Three million players competed in the Madden Championship Series last year. Even more are expected this year. One tournament, EA’s Club Championship, is offering a record $700,000 prize pool that could significantly raise the game’s profile.
“‘Madden NFL’ is a small e-sports game in terms of viewers,” said Jurre Pannekeet, an analyst for Newzoo. “Games such as ‘League of Legends,’ ‘Counter-Strike: Global Offensive,’ ‘Overwatch,’ and ‘Dota 2’ attract many more millions of e-sports viewers at the moment.”
But investing in e-sports is an important part of EA’s strategy, Pannekeet said, because it creates incentives for more gamers to play Madden. It also sets the bar for competition ever higher.
If EA can build a thriving ecosystem for competitive play, it will inspire gamers to spend more money on the franchise, such as with lucrative in-game upgrades for better players. EA, which is headquartered in Redwood City, Calif., has sold more than 130 million copies of Madden games since the series’ first title was released in 1988.
“Having people try out the game and keeping them on as players for a long time is important to EA as they generate a large portion of revenues through additional in-game sales,” Pannekeet said.
“These are my real-life friends,” said Damon Kirk, a professional Madden gamer and friend of Clayton’s who was not present at the shooting. “When you travel to a different city, it’s like the Masons: You can hit someone up from Madden, and they’ll show you a good time, take you out to eat and get a drink.”
Kirk has been playing on the professional circuit since 2010, including one year in college when he played close to full time, earning enough to pay for a full $12,000 semester at Western Michigan University.
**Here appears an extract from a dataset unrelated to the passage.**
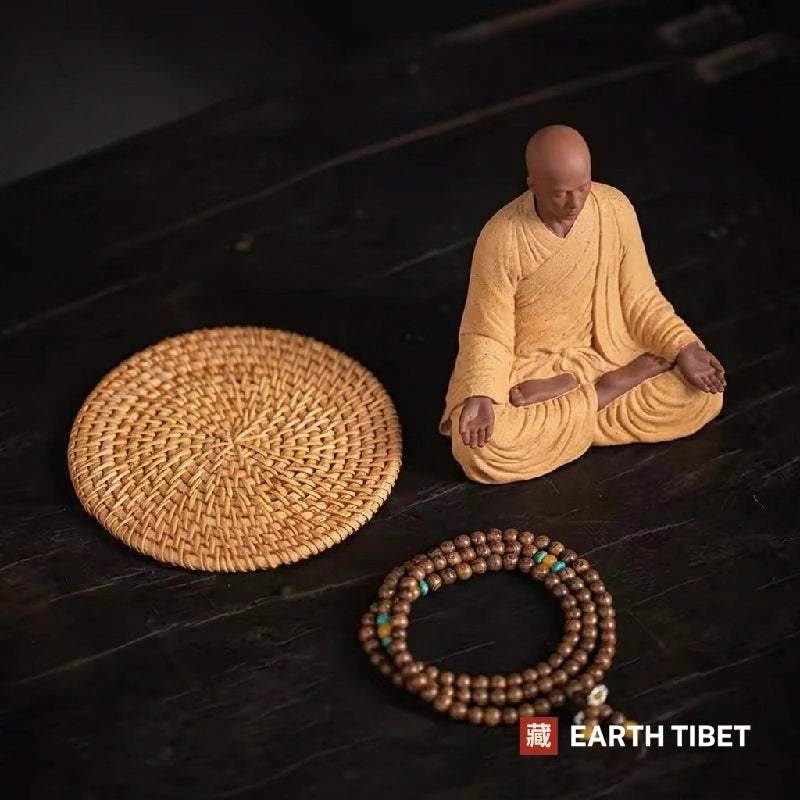 What is included: ceramic monk with hands in the lap, woven rattan mat and a mala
The dollar amounts of the biggest tournament’s pots have grown since EA incorporated the underground tournament circuit into its official leagues, but Kirk says the community feeling has remained the same.
The competitive Madden community has little overlap with the world surrounding newer games like “Overwatch” and “League of Legends,” which reward fast-twitch hand-eye coordination and have grown in the often toxic comments sections of streaming services like Twitch.
Madden puts gamers in the position of a virtual coach more than a virtual player — EA updates the Madden games as the NFL season progresses to reflect changing rosters and player injuries, which gives avid football fans a leg up on the digital competition when it comes to game-day tactics.
“They don’t even consider us an e-sport,” Kirk said, “because we’re based off a real-life game.”